To address the forgetting problem, we introduce a hierarchical EM method, which significantly enhances the effectiveness of episodic memory. Our method is motivated by the fact that modern mobile and IoT devices are commonly equipped with a deep memory hierarchy including small memory with fast access (50–150 ns) and large storage with slow access (25–250 s), which is typically orders of magnitude larger than the memory. Provided by these different hardware characteristics, the memory is an ideal place to access samples at high speed during training, promising short training time. In contrast, the storage is an ideal place to store a significantly large number of old samples and use them for greatly improving model accuracy. The design goal of our scheme, Carousel Memory or CarM, is to combine the best of both worlds to improve the episodic memory capacity by leveraging on-device storage but without significantly prolonging traditional memory-based CL approaches.

CarM stores as many observed samples as possible so long as it does not exceed a given storage capacity (rather than discarding those overflowed from EM as done in existing methods) and updates the in-memory EM while the model is still learning with samples already in EM. One key research question is how to manage samples across EM and storage for both system efficiency and model accuracy. Here we propose a hierarchical memory-aware data swapping, an online process that dynamically replaces a subset of in-memory samples used for model training with other samples stored in storage, with an optimization goal in two aspects. (1) System efficiency. Prior single-level memory-only training approaches promise timely model updates even in the face of real-time data that arrives with high throughput. Therefore, we expect drawing old samples from slow storage does not incur significant I/O overhead that affects the overall system efficiency, especially for mobile and IoT devices. (2) Model accuracy. CarM significantly increases the effective EM size, mitigating forgetting issues by avoiding important information from overflowing due to limited memory capacity. As a result, we expect our approach also improves the model accuracy by exploiting data samples preserved in the storage more effectively for training.

To fulfill the competing goals, we design CarM from two different perspectives: swapping mechanism (Section 3.1) and swapping policy (Section 3.2). The swapping mechanism of CarM ensures that the slow speed of accessing the storage does not become a bottleneck of continual model training by carefully hiding sample swapping latency through asynchrony. Moreover, we propose various swapping policies to decide which and when to swap samples and incorporate them into a single component, namely, gate function. The gate function allows for fewer swapping samples, making CarM to march with low I/O bandwidth storage which is common for mobile and IoT devices.

One major benefit of CarM is that it is largely complementary to existing episodic memory-based CL methods. By exploiting the memory hierarchy, we show that CarM helps boost the accuracy of many existing methods by up to 28.4% for DER++ (darker)

in Tiny-ImageNet dataset (Section 

4.1) and even allows them to retain their accuracy with much smaller EM sizes.
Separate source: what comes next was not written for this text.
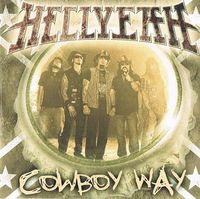 HELLYEAH - Cowboy Way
With CarM as a strong baseline for episodic memory-based CL methods, some well-known algorithmic optimizations may need to be revisited to ensure that they are not actually at odds with data swapping. For example, we observe that iCaRL 

(icarl), BiC (bic), and DER++ (darker), which strongly depend on knowledge distillation for old tasks, can deliver higher accuracy with CarM by limiting the weight coefficient on the distillation loss as a small value in calculating training loss. With CarM, such weight coefficient does not indeed necessarily be high or managed complicatedly as done in prior work, because we could now leverage a large amount of data in storage (with ground truth) to facilitate training performance.

2 Related Work

Class incremental learning. The performance of CL algorithms heavily depends on scenarios and setups, as summarized by Van de Ven et al(ven2018three). Among them, we are particularly interested in class-incremental learning (CIL), where task IDs are not given during inference (gepperthH16). Many prior proposals are broadly divided into two categories, rehearsal-based and regularization-based. In rehearsal-based approaches, episodic memory stores a few samples of old tasks to replay in the future (rainbow; castro2018eccv; rwalk; icarl). On the contrary, regularization-based approaches exploit the information of old tasks implicitly retained in the model parameters, without storing samples representing old tasks (Kirkpatrick2017OvercomingCF; Zenke2017ContinualLT; Liu2018RotateYN; Li2017LearningWF; Lee2017OvercomingCF; Mallya2018PiggybackAA). As rehearsal-based approaches generally have shown the better performance in CIL (gdumb), we aim to alleviate current drawbacks of the approaches (i.e., limited memory space) by incorporating data management across the memory-storage hierarchy.

The CIL setup usually assumes that the tasks contain disjoint set of classes (icarl; castro2018eccv; gepperthH16). More recent studies introduce methods to learn from the blurry stream of tasks, where some samples across the tasks overlap in terms of class ID (gss; gdumb)

. Moreover, prior works can be classified as either

offline (bic; icarl; rwalk; castro2018eccv), which allows a buffer to store incoming samples for the current task, or online (Fini2020OnlineCL; gss; gmed), which has no such buffer: a few works consider both (gdumb). Both online and offline methods can take advantage of CarM as our work focuses on improving episodic memory with a storage device.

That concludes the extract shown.